Nicholas Metivier Gallery is pleased to announce Between Always and Never, an exhibition of new monotypes and paintings by Bobbie Burgers. The exhibition will open on September 10th and run until October 1st. This is Burgers’ third solo exhibition at the gallery.
Vancouver-based painter Bobbie Burgers is known for her experimental approach with mediums ranging from oil pastel to spray paint to impastoed acrylic. Her ongoing exploration of new methods and techniques has propelled her floral-inspired compositions into new territories, with increasing abstraction defining her gestural application of colour on canvas and paper.
Central to this exhibition is an ambitious series of new monotypes by Burgers, printed last spring with Master Printer Gregory Burnet at Burnet Editions in New York City and published by Nicholas Metivier Gallery. This was Burgers’ first time working in this medium. Printmaking provides a distinct and often very different approach within an artist’s practice, opening up new realms of possibilities, ideas, and methods of working. With the monotype process, an artist draws or paints directly onto a plate to create a single unique print. For Burgers, it was an ideal medium to adapt her signature expressive mark-making from painting to printmaking.

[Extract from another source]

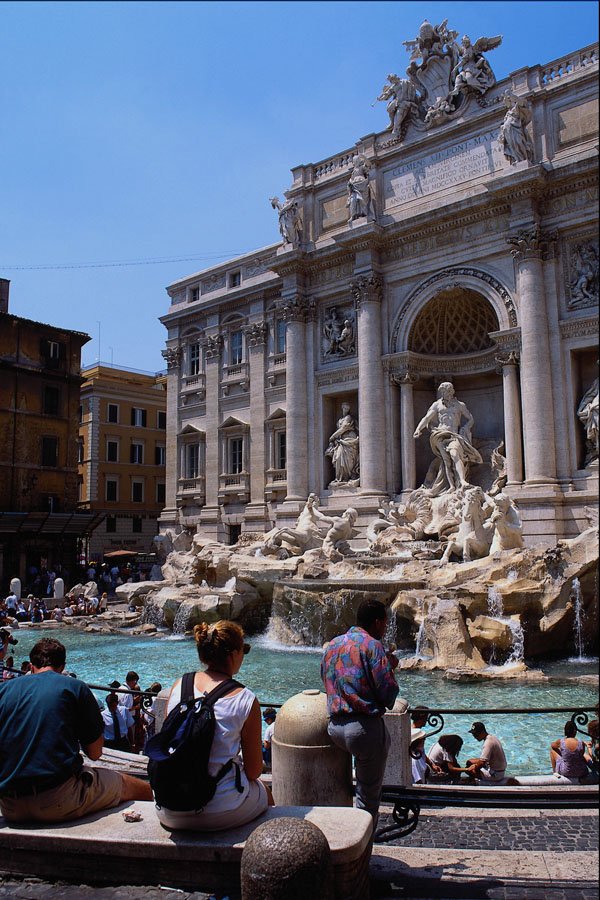 670044 Trevi Fountain, Rome, Italy A4 Photo Print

Using oil paints and printing inks, Burgers created multi-colour diptychs that echo the nuanced and ethereal qualities that characterize her recent paintings on raw canvas. The diptychs required multiple impressions, to add additional compositional elements after they had been run through the printing press. This technique enhanced the texture and dimension of her monotypes and required careful consideration of the relationship between the two sheets of paper.
In a series of monochromatic works, Burgers embraced one of the most definitive characteristics of the monotypes, the ability to take marks away. Vibrant blue and red inks were rolled onto Plexiglas plates then removed and shaped using sponges, felt tips, spoolies (mascara wands) and spray bottles filled with mineral spirits.

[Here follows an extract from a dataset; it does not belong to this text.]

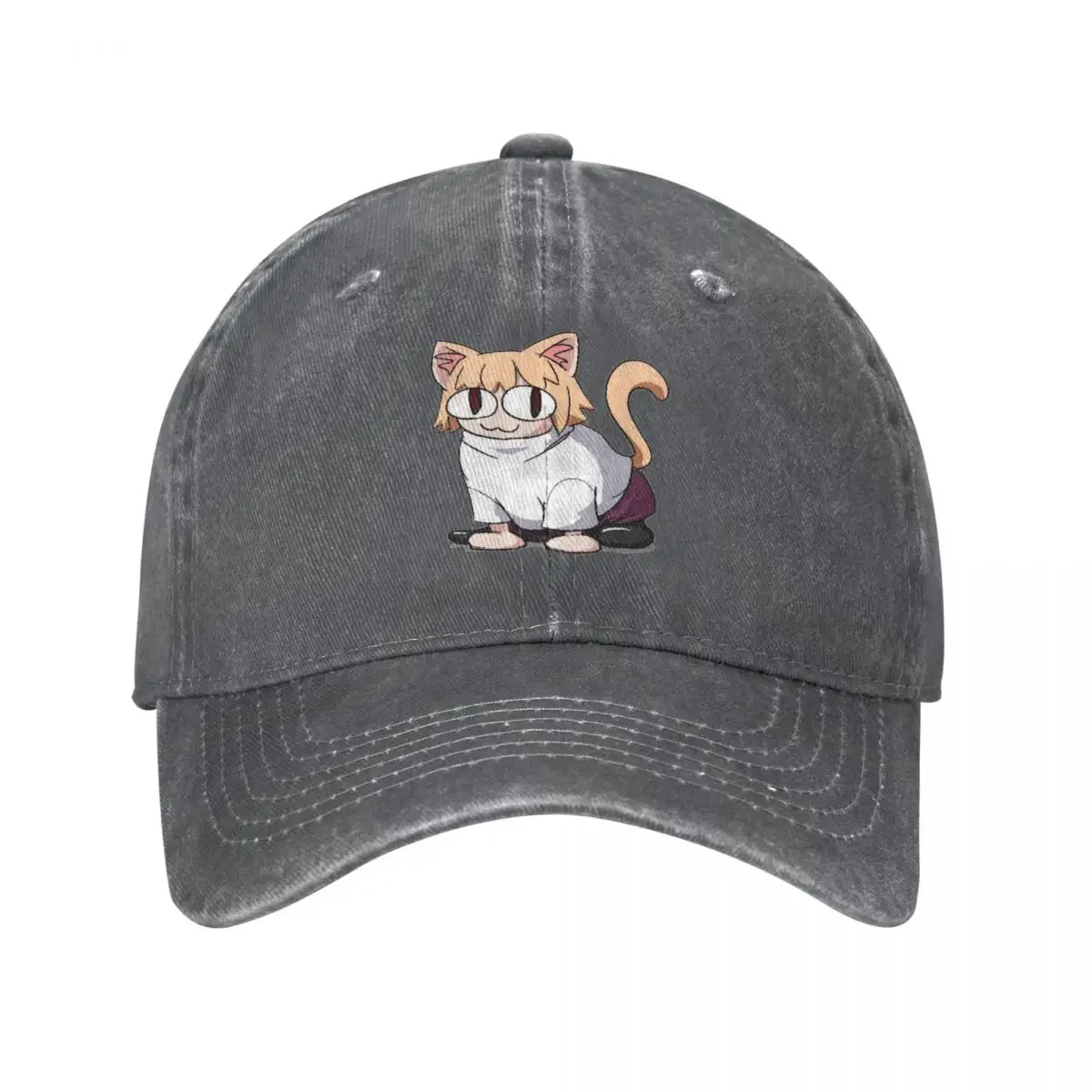 Cute Neco Arc Cat Jeans Baseball Caps Adjustable Hat Dad Japanese Anime Cap Spring Summer Hip Hop Casquette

Burgers’ printmaking experience at Burnet Editions has pushed her practice to new horizons because of the spontaneous nature of the monotype medium. When she returned to her Vancouver studio, Burgers made a series of diptych paintings based on what she learned in New York. These works are shown in context with Burgers’ monotypes as part of the exhibition.
Creating a print that is singular, I came to understand a different method of mark-making that shook up my deeply ingrained routine. Instead of thick brushstrokes, the oils and printing inks had to be deadly smooth. For the most part, rather than applying colour, I was taking away. There is no moving or adding of marks after its run through the press, which is very different from painting or drawing which can be infinitely altered. I had to be decisive and take larger leaps of faith.